Coinvolge Imperia e Dolcedo l’inchiesta giudiziaria condotta dalla Procura e dalla Guardia di finanza di Arezzo, che ha portato all’arresto del presidente della cooperativa ex Agorà Italia Daniele Mazzetti, 60 anni, e dei suoi stretti collaboratori, Letizia Beoni e Alessandro Corsetti. Sono accusati di una maxi evasione fiscale da 26 milioni di euro. Alla cooperativa, che ha cambiato più volte nome e che in provincia di Imperia aveva assunto la denominazione «Il Ponte», faceva capo un vero e proprio impero per la gestione di case di riposo e di realtà socio assistenziali sparse per l’Italia. A Imperia fanno riferimento all’ex Agorà ora Il Ponte, il centro di riabilitazione Isah, circa 130 dipendenti con strutture in piazzetta De Negri e via Schiva a Imperia e una a Capo Berta, oltre all’ospizio San Giuseppe a Dolcedo (40 ospiti e circa 20 addetti).

Gli arresti rischiano di avere ripercussioni sulle attività degli istituti e sull’occupazione. Preoccupa la sorte dei dipendenti.

Il capo dei pm di Arezzo Roberto Rossi sospetta l’esistenza di un'organizzazione con operatività nazionale, specializzata nel frodare il fisco. In base alla ricostruzione investigativa operata dalle Fiamme gialle, avrebbe partecipato a gare pubbliche per l'affidamento di servizi tramite un consorzio ad hoc. La conduzione era affidata a cooperative. Tutte le coop erano riconducibili ai tre arrestati. Mazzetti era spesso a Imperia e aveva avuto colloqui con i responsabili dei centri a cui comunicava i cambi societari.

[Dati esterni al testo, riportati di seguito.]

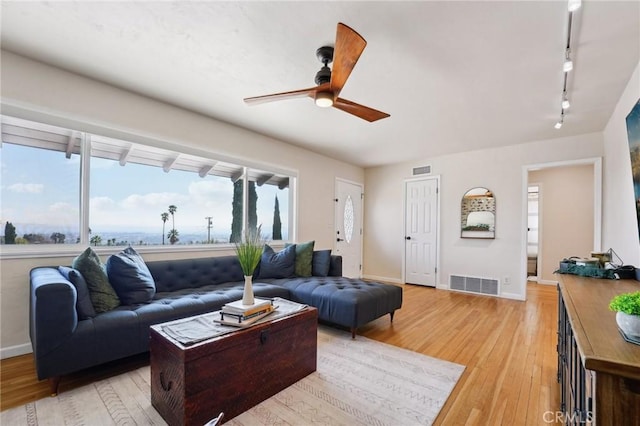 living room featuring track lighting, light hardwood / wood-style floors, and ceiling fan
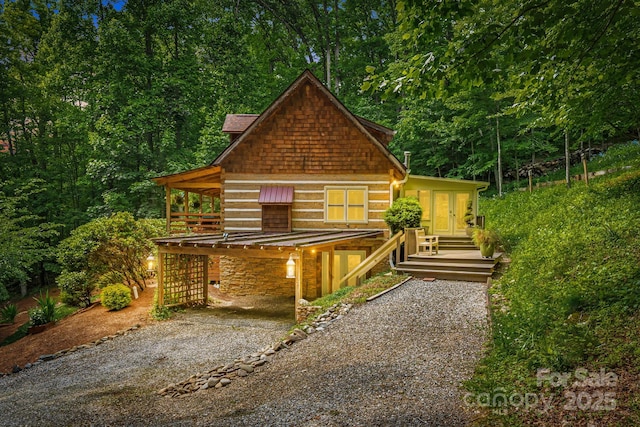 1980 Old Murray Rd, Mars Hill, NC 28754 - view of front of property with driveway, stone siding, a carport, and a forest view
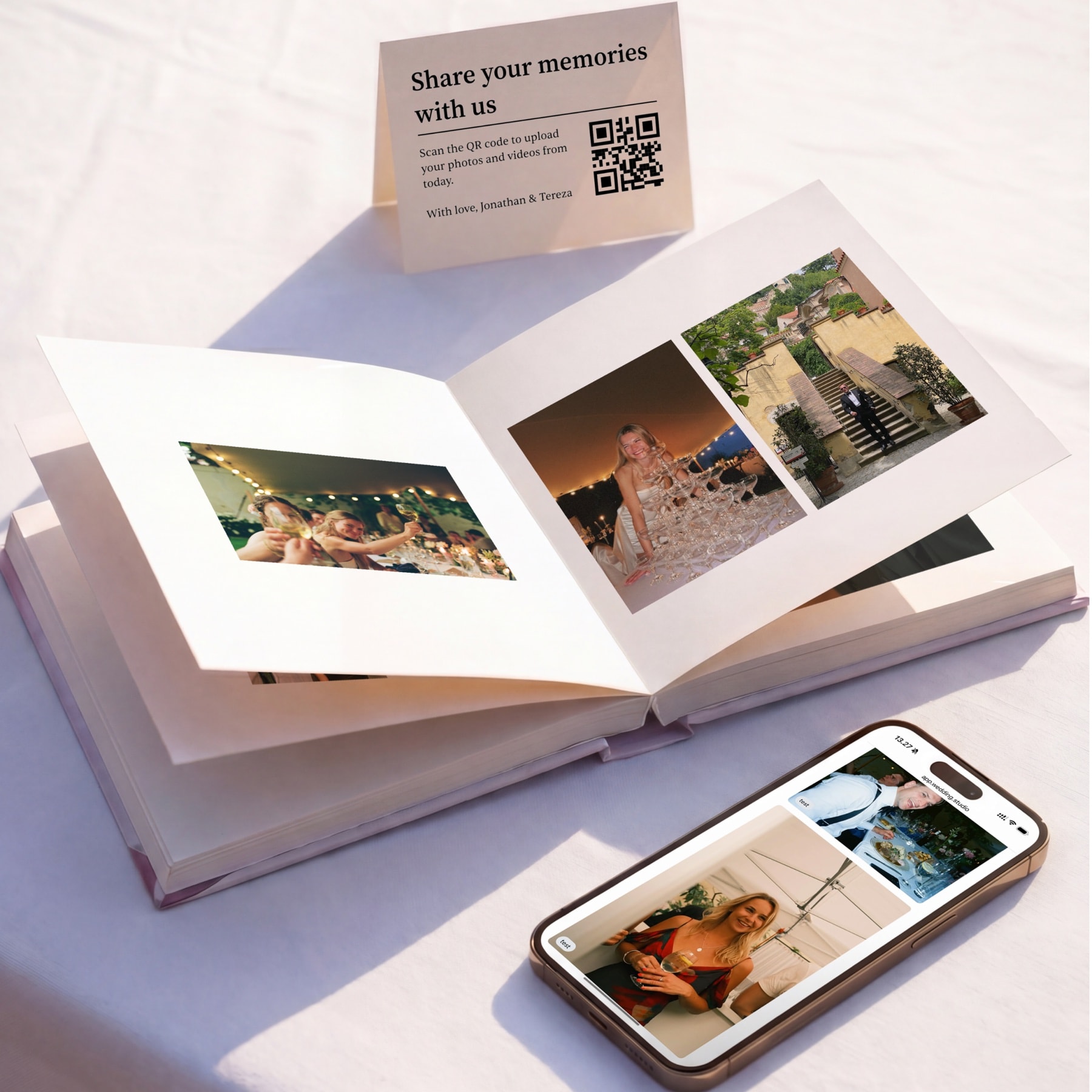 Open photobook beside a printed QR card and a phone showing the same guest photos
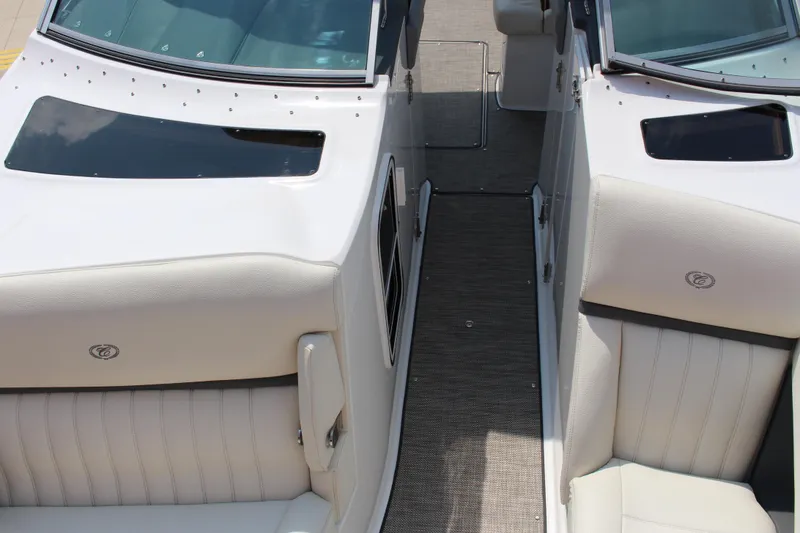 Slide: The Image of 2018 Cobalt R35 boat interior with white leather seats and sleek design. - 53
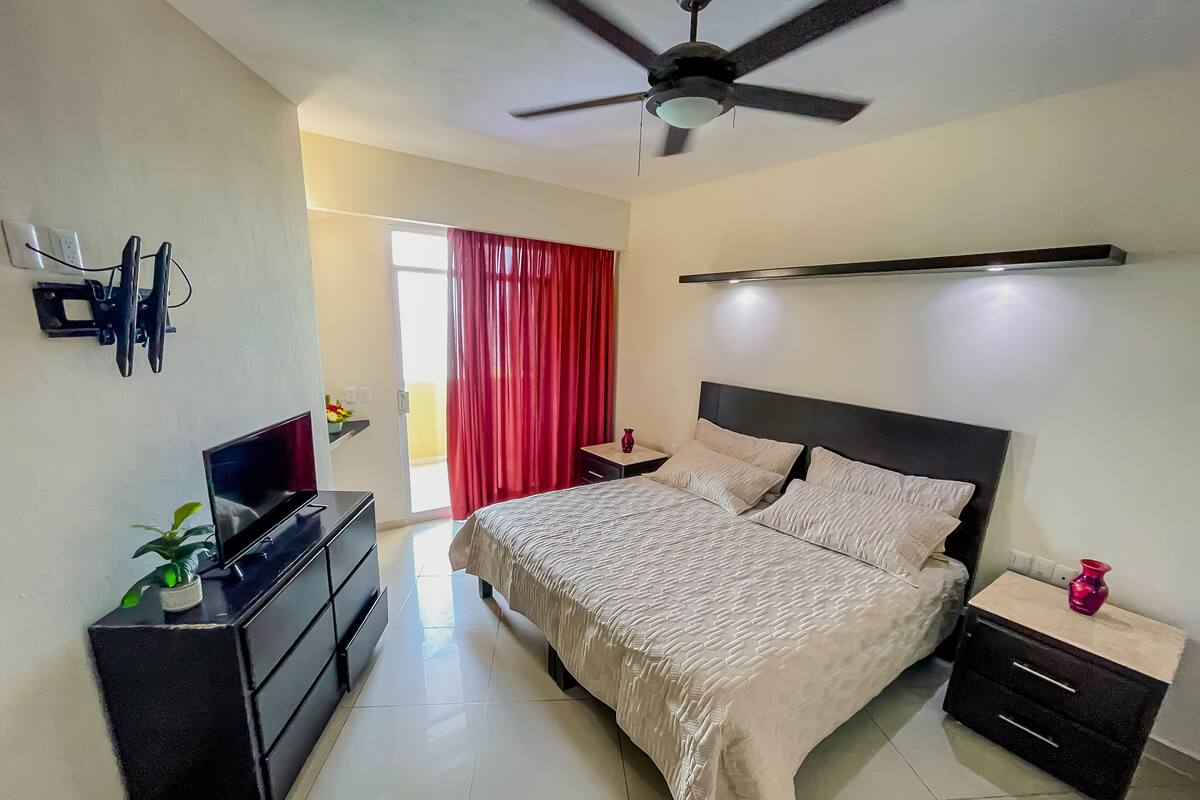 A bedroom with a bed, bedside tables, a TV, a ceiling fan, and a red curtain.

Gli intrecci affaristici, la mimesi come strategia aziendale, sarebbero stati escamotage per coprire il business illecito. Per gli investigatori, gli indagati, con il contributo di un consulente fiscale finito anch’esso nei guai, avrebbero commesso ripetuti e molteplici reati fiscali che nel tempo avevano generato un cospicuo debito ai danni dell'Erario, mai onorato. Il modus operandi: le singole cooperative sarebbero state messe in liquidazione e sostituite con altre. E’ stata contestata l’ associazione a delinquere. Ammonta invece a mezzo milione di euro il sequestro preventivo messo a segno nei confronti dei tre arrestati. A Imperia dell’inchiesta si temono riflessi occupazionali. I sindacati sono pronti ad attivarsi per salvare i posti di lavoro.